RAW DATA:

○ ○ ○

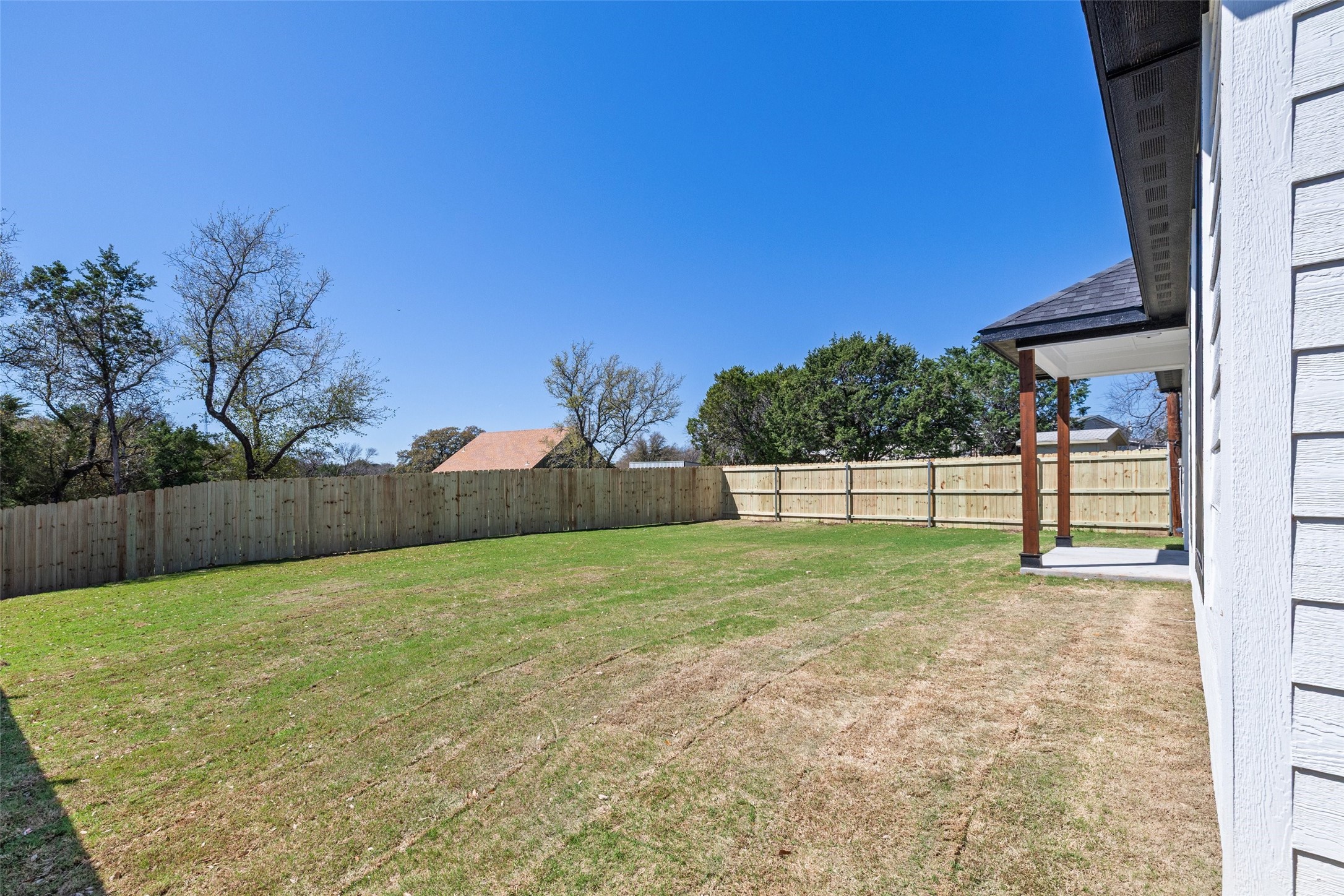 1531 Corona Drive Granbury TX 76048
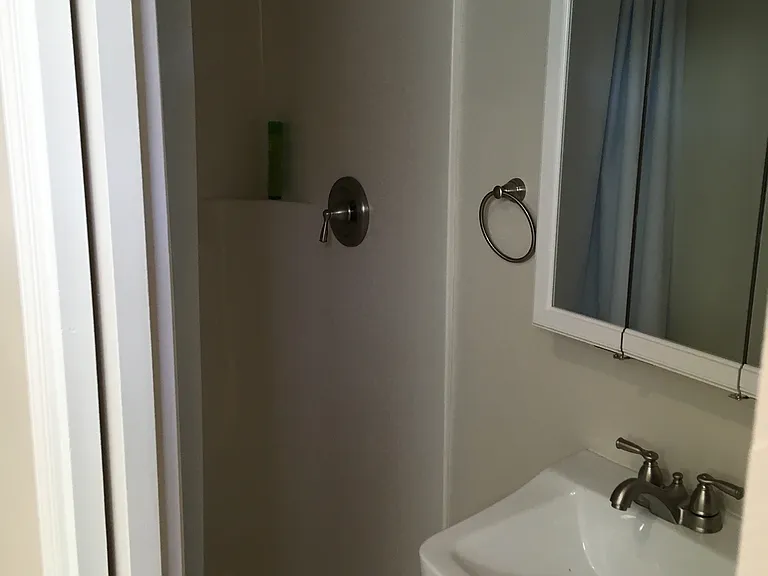 204 Gilbert Dr — Photo 4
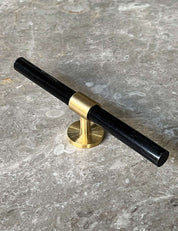 SIGNATURE 30 T-bar handle 156 mm in Brushed Brass/Black Horn. Luxury cabinet hardware made of solid brass by BRANDT Collective.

○ ○ ○

TASK TO CARRY OUT: Lines from the one that contains "204 Gilbert Dr — Photo 4" through the last line of the data above are to be extracted exactly, with no pictures and no other lines.

ANSWER AREA:
 204 Gilbert Dr — Photo 4
 SIGNATURE 30 T-bar handle 156 mm in Brushed Brass/Black Horn. Luxury cabinet hardware made of solid brass by BRANDT Collective.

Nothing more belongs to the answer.